LV: You mentioned before that you don't think of yourself as a painter who is creating a lot of space in your painting and that you think more of the surface of the painting. Can you talk a little bit more about that?
LC: I think less of creating space because I don't really think of a painting in the Albertian way, of it being a window to a reality. I'm interested more in the surface of it, in the inner divisions of the square. I love early renaissance paintings, manuscript illustrations and Persian and Indian miniature paintings, which have this rather flat surface, and strange sense of space, so I guess they have a big influence on me. I do think of space and air but I can't say it's my main concern, it's more about the shapes and divisions. When I would go out painting I would always find myself drawn by close motifs that make for a rather flat painting, as well as motifs with a close tonal range, so with time I realized these are my interests more than creating this vast airy landscapes. This is probably why I do more cityscapes and buildings.

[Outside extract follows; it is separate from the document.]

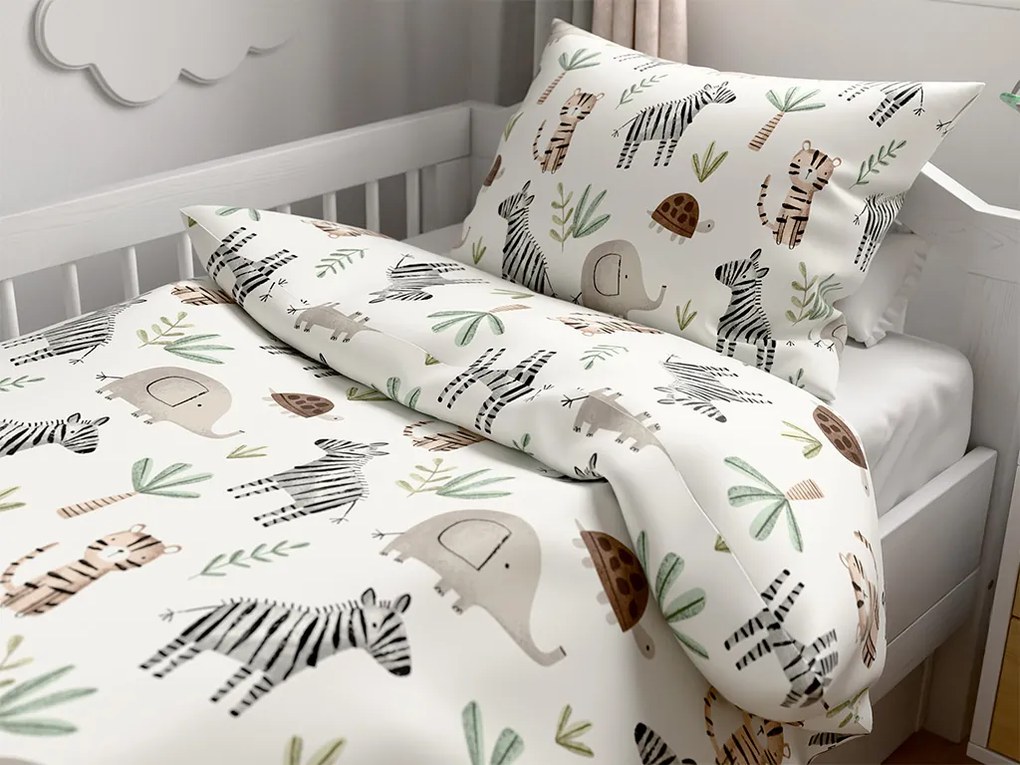 Krepp ágynemű kiságyhoz Renforcé JUNGARI krémszínű Ágyneműhuzat mérete: 45 x 65 cm | 90 x 140 cm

LV: Thank you for the clarification, I think I understand better. I also wanted to ask you about making transcriptions from the old masters. Are there any masters you recommend copying? Also, how would you go about making a copy?
LC: So about copying- the masters I copy the most are Piero Della Francesca, Caravaggio, Titian, Corot, early Italian renaissance masters like Giotto and Lorenzetti and Degas. I think the reason to copy, or rather make studies, of old master paintings is to learn something from them, so the best thing to do is to find the ones you like the most, the ones you would want to paint like, or have a certain quality you would like to have in your own painting, and do studies from them. Do small sketches, charcoal studies, color sketches, just don't try to copy the painting as it is, there's no point in that. Making a study after someone's work allows you an insight into their thought process, into the way they look and make decisions, it provides you with an opportunity to engage in a close relationship with them in a way studying about an artist will never do.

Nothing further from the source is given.